E mentre scriveva pensava: « Perché sento la necessità di scrivere? ».
Questo era sempre stato il suo chiodo fisso. Da dove nasceva la necessità di mettere nero su bianco un pensiero. Scriveva Lui, e mentre lo faceva puntualmente si sentiva ridicolo, perchè non riusciva a capire il motivo che lo spingeva a farlo.

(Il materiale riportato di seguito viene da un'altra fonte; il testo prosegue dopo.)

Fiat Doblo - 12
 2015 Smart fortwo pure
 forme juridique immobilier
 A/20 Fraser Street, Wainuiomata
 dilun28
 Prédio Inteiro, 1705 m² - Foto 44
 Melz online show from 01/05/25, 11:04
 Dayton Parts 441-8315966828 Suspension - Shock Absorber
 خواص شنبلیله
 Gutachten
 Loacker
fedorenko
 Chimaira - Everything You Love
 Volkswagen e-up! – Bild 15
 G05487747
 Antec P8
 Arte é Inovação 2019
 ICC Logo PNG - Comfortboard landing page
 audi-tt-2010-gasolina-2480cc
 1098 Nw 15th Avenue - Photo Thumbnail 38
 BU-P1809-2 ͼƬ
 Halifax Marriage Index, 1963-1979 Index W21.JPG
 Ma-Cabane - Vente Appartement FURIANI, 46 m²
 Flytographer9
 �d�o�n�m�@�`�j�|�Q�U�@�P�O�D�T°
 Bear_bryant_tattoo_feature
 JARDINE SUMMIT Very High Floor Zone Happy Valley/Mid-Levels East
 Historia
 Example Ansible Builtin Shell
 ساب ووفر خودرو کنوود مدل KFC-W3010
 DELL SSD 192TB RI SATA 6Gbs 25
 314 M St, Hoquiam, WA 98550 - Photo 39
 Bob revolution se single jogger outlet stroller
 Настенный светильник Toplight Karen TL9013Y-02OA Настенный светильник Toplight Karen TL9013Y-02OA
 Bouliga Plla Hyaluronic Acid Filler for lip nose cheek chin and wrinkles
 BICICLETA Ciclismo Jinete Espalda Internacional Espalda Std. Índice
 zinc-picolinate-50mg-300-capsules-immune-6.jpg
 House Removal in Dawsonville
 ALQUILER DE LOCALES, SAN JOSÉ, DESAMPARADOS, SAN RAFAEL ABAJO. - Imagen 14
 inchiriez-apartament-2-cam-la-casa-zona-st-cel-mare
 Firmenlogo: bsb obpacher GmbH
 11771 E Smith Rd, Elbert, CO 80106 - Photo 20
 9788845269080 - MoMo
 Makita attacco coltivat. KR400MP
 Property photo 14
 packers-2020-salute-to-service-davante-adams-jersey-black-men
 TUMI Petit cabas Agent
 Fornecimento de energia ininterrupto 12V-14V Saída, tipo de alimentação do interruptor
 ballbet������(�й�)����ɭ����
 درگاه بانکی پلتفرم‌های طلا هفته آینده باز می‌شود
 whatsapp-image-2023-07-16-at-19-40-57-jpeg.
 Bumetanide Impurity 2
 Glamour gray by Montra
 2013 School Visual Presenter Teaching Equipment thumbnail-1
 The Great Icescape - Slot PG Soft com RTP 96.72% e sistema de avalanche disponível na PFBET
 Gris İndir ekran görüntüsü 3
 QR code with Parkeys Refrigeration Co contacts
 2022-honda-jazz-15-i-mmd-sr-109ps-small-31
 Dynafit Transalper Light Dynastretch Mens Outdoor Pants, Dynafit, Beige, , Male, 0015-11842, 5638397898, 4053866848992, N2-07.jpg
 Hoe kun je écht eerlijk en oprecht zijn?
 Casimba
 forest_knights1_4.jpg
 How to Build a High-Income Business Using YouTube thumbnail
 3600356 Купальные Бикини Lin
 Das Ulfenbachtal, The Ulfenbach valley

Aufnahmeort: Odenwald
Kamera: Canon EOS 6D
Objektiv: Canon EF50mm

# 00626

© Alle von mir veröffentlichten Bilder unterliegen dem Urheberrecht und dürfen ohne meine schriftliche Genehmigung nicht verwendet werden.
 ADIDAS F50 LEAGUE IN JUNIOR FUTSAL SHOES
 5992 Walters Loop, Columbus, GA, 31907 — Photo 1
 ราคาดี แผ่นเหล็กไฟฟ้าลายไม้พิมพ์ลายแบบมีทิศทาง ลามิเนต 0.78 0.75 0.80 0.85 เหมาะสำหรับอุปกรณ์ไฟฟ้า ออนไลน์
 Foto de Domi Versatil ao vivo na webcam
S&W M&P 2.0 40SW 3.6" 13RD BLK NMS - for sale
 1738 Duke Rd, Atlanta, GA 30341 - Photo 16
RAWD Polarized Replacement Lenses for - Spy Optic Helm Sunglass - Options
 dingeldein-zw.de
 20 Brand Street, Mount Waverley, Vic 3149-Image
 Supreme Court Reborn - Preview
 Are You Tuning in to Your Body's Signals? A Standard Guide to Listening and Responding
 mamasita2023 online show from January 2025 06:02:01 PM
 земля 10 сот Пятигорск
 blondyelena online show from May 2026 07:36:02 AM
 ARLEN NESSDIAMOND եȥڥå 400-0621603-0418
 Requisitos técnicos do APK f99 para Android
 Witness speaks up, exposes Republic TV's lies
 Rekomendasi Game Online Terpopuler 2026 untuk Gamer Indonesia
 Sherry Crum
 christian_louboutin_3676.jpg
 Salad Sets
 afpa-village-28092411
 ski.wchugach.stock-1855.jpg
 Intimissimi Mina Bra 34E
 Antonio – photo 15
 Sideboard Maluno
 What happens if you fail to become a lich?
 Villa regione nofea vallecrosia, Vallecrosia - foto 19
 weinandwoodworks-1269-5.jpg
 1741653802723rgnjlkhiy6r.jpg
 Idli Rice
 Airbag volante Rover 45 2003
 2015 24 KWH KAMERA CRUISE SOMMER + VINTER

Sognava Lui. Sognava di diventare un grande scrittore, ed era tacitamente e fermamente convinto che un giorno lo sarebbe diventato. Si sentiva speciale, del resto chi non si sente speciale? Tutti lo siamo. Speciali perchè unici. Intimamente convinti di avere uno scopo ben preciso, un fine da perseguire, e perennemente alla ricerca del nostro posto in questa società. C'è chi pensa che la realizzazione sia proprio in questo, trovare un posto adatto a se stessi, realizzarsi per sentirsi liberi e non più impegnati a trovare se stessi. Trovare se stessi. Scriveva e rideva. E più rileggeva quello che aveva scritto più sentiva il terribile fetore che solo la mediocre retorica può emanare.
Voleva scrivere qualcosa di eccezionale. Sì diavolo. Voleva scrivere qualcosa che chiunque lo avesse letto avrebbe esclamato: « Dio quanto è vero».
Ma non era il consenso popolare che lo avrebbe appagato, non era la notorietà che lo avrebbe salvato dalla sua invisibile prigione di «se» e di «ma». Ma bensì l'intuizione stessa che si celava dietro questo desiderio. Si proprio così.
Leggeva molto Lui, ed era arrivato ad una verità di fondo così profonda che lo aveva lasciato di stucco, come una lucida istantanea consapevolezza, la stessa sensazione che si prova quando si risolve un esercizio di matematica e con sommo stupore (almeno dei meno portati) ci si trova con il risultato. I passi più belli di un libro, le frasi più toccanti, gli aforismi più profondi e le poesie che lasciano senza fiato non sono originali nel significato ma nella forma.
Esistono sensazioni, pensieri e concetti che non tutti riescono ad esprimere. Tutti noi sappiamo cose che ignoriamo di sapere. I grandi scrittori, i sommi poeti e i saggi hanno un dono. La loro mano mentre scrive non è più vincolata a quei parametri di rigidità dettati dall'impossibilità di espressione. La loro mano non scrive parole, disegna immagini, dipinge emozioni che sono già insite dentro di noi, ma che mai avremmo potuto esprimere nel modo in cui loro ci riescono.
È convinto lui, convinto che un giorno la sua mano riuscirà nell'intento del suo cuore, della sua anima, e che le verità contenute nella sua modesta esperienza di vita troveranno spazio su una pagina bianca.
E la fissa quella pagina bianca lui. E pensa. Una pagina vergine non è che l'inizio, ed è contenuta in essa il seme stesso della vita: passato, presente e futuro. Una pagina bianca racchiude in sé già tutto il necessario, poiché fissandola la nostra mente viaggia, tra colori e sfumature, fulmini e tempeste, grandi praterie ed enormi montagne, e noi nomadi in questo infinito paesaggio non possiamo far altro che iniziare a scrivere.
Lui lo sa. Una pagina bianca è «La Storia». Quando si scrive in realtà non si fa altro che togliere il velo, come sfregare un «Gratta e Vinci» con l'eccezione che, in questo caso, si può solo vincere, quello che verrà fuori non sarà altro che l'inevitabile: Noi.